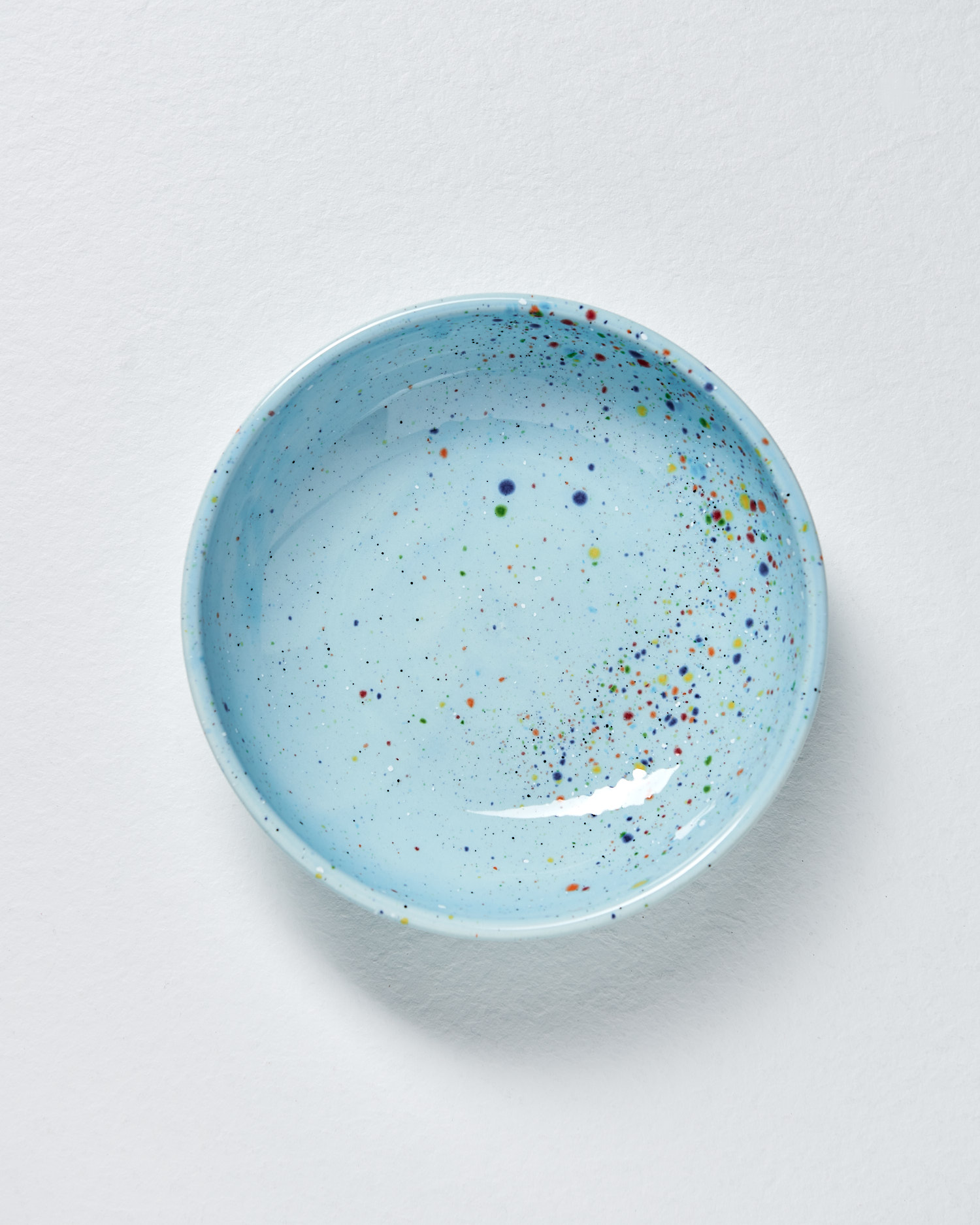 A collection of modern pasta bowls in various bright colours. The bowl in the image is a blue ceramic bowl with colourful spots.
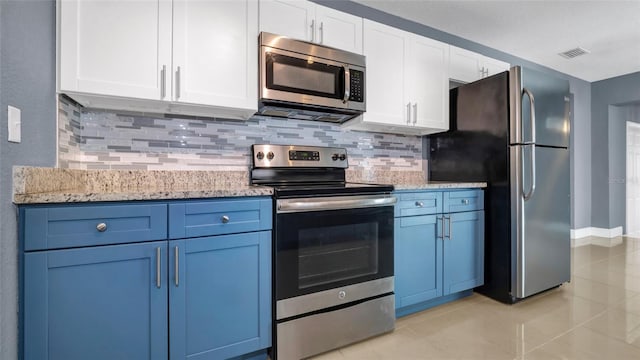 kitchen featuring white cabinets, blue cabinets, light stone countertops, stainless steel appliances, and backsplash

...

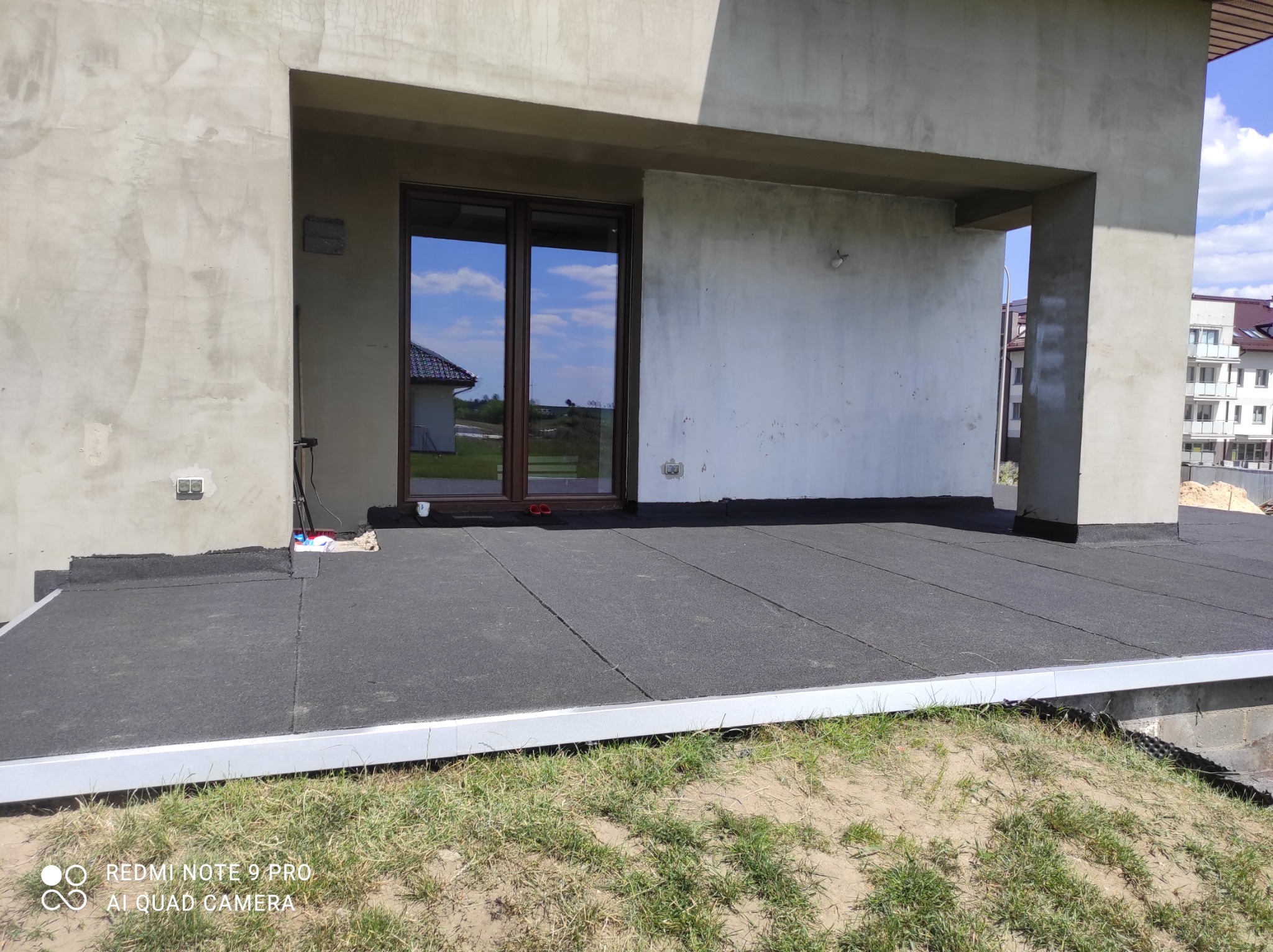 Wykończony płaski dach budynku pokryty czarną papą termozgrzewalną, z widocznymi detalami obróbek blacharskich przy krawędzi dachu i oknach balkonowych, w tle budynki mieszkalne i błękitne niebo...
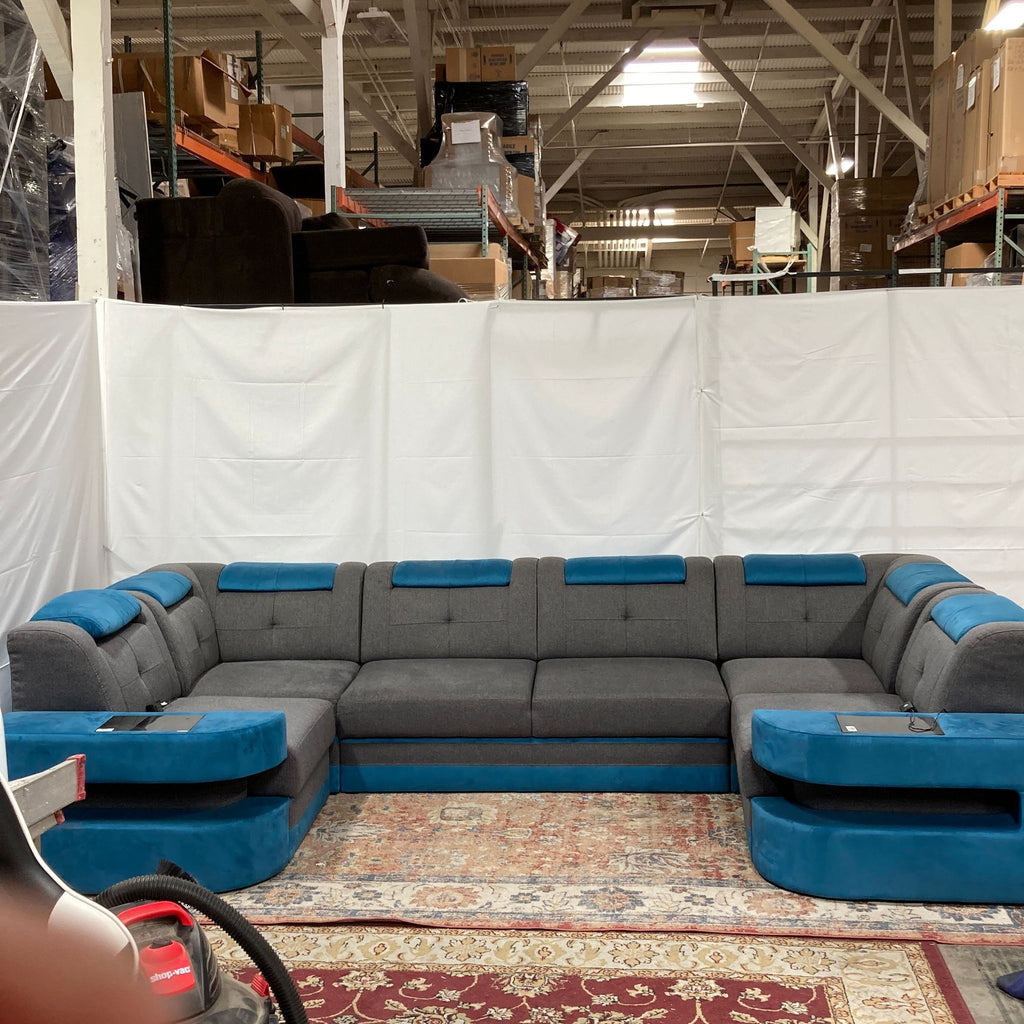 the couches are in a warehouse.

* * *

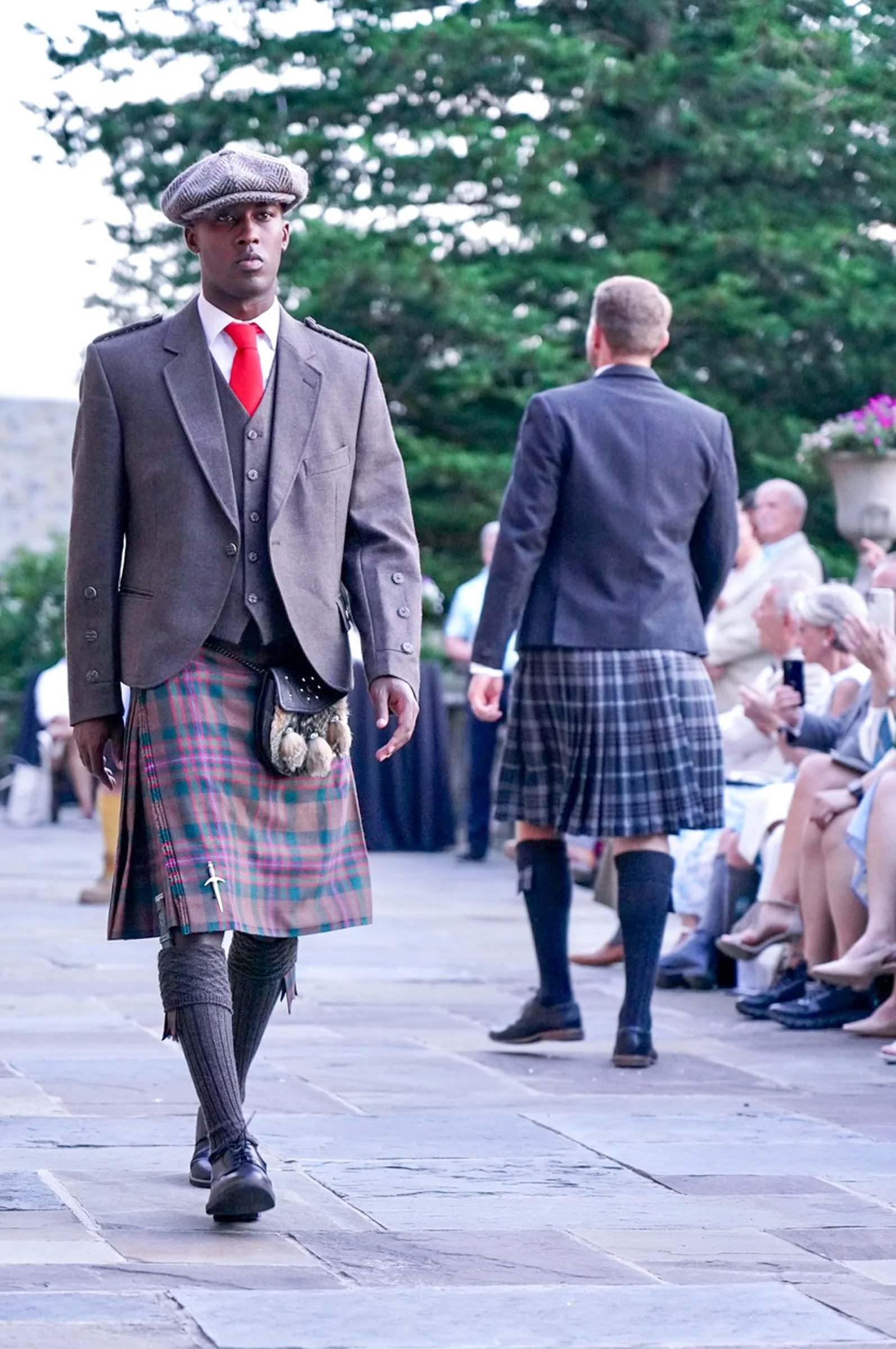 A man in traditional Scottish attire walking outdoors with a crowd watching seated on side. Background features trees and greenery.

Task prompt
Range to copy from the listing above: the line with "A collection of" through the line with "kitchen featuring white". Transcribe it exactly and skip the pictures.

Reply to the exercise
 A collection of modern pasta bowls in various bright colours. The bowl in the image is a blue ceramic bowl with colourful spots.
 kitchen featuring white cabinets, blue cabinets, light stone countertops, stainless steel appliances, and backsplash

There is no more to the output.